§ Task instructions
Use the entries below and reproduce exactly the lines from the one containing "Jill 2 Jahre alt" down to the one containing "alho-de-urso ou selvagem", both of them included.

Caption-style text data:
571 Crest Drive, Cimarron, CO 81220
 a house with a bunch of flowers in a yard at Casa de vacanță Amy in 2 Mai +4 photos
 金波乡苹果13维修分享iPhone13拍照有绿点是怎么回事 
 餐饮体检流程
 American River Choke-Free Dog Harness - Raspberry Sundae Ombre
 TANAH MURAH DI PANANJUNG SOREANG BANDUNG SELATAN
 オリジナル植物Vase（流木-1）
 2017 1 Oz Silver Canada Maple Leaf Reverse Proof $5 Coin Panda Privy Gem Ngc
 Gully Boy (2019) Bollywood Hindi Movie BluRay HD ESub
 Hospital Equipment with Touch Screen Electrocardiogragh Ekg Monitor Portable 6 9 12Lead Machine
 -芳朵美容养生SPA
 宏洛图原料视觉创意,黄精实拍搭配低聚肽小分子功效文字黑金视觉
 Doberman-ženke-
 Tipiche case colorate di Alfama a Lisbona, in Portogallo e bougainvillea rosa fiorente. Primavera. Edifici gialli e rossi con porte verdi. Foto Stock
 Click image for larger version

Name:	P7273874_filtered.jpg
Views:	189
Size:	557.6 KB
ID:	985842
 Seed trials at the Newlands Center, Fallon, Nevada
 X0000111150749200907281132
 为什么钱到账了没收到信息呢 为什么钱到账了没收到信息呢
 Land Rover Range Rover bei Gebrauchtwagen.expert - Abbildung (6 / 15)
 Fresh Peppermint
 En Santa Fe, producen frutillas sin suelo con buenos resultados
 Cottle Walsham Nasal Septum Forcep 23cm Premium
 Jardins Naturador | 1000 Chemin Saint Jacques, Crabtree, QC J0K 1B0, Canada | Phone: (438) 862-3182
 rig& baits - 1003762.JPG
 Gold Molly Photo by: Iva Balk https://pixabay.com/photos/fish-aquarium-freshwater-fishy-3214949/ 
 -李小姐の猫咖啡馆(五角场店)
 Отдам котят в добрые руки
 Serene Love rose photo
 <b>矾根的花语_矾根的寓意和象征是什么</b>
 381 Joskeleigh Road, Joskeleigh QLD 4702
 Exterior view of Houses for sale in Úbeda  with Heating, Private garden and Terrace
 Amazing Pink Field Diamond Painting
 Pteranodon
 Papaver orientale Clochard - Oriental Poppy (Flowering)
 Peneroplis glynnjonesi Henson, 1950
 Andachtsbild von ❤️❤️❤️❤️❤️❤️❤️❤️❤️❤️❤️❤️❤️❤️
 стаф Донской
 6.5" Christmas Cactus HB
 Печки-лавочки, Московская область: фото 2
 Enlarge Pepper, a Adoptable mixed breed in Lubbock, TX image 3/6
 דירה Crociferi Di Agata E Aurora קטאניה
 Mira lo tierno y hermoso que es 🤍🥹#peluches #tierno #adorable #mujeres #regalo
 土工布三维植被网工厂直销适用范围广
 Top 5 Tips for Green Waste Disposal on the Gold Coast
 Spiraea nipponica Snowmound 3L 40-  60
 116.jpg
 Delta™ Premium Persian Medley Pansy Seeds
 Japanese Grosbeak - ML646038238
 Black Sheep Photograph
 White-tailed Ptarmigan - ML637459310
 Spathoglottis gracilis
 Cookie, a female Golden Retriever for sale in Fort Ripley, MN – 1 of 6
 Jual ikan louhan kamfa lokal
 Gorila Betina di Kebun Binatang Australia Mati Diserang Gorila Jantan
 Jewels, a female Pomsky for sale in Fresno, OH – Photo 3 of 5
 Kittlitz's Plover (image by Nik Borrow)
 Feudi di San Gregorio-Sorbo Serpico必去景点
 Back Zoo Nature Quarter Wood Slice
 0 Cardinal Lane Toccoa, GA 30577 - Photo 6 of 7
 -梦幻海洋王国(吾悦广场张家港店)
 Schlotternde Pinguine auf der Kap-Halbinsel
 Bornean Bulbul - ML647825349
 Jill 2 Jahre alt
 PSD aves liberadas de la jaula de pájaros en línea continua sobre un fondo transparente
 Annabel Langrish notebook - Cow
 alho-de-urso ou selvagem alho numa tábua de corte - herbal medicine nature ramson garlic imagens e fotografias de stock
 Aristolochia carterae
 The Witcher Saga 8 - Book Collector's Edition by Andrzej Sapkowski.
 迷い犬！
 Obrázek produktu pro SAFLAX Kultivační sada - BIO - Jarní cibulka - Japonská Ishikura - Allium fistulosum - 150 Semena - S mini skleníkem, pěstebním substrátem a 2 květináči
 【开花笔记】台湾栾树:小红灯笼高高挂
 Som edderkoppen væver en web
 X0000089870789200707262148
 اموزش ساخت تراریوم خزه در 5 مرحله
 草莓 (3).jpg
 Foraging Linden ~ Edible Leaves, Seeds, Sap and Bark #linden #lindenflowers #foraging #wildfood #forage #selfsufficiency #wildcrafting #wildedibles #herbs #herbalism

§ Written solution
 Jill 2 Jahre alt
 PSD aves liberadas de la jaula de pájaros en línea continua sobre un fondo transparente
 Annabel Langrish notebook - Cow
 alho-de-urso ou selvagem alho numa tábua de corte - herbal medicine nature ramson garlic imagens e fotografias de stock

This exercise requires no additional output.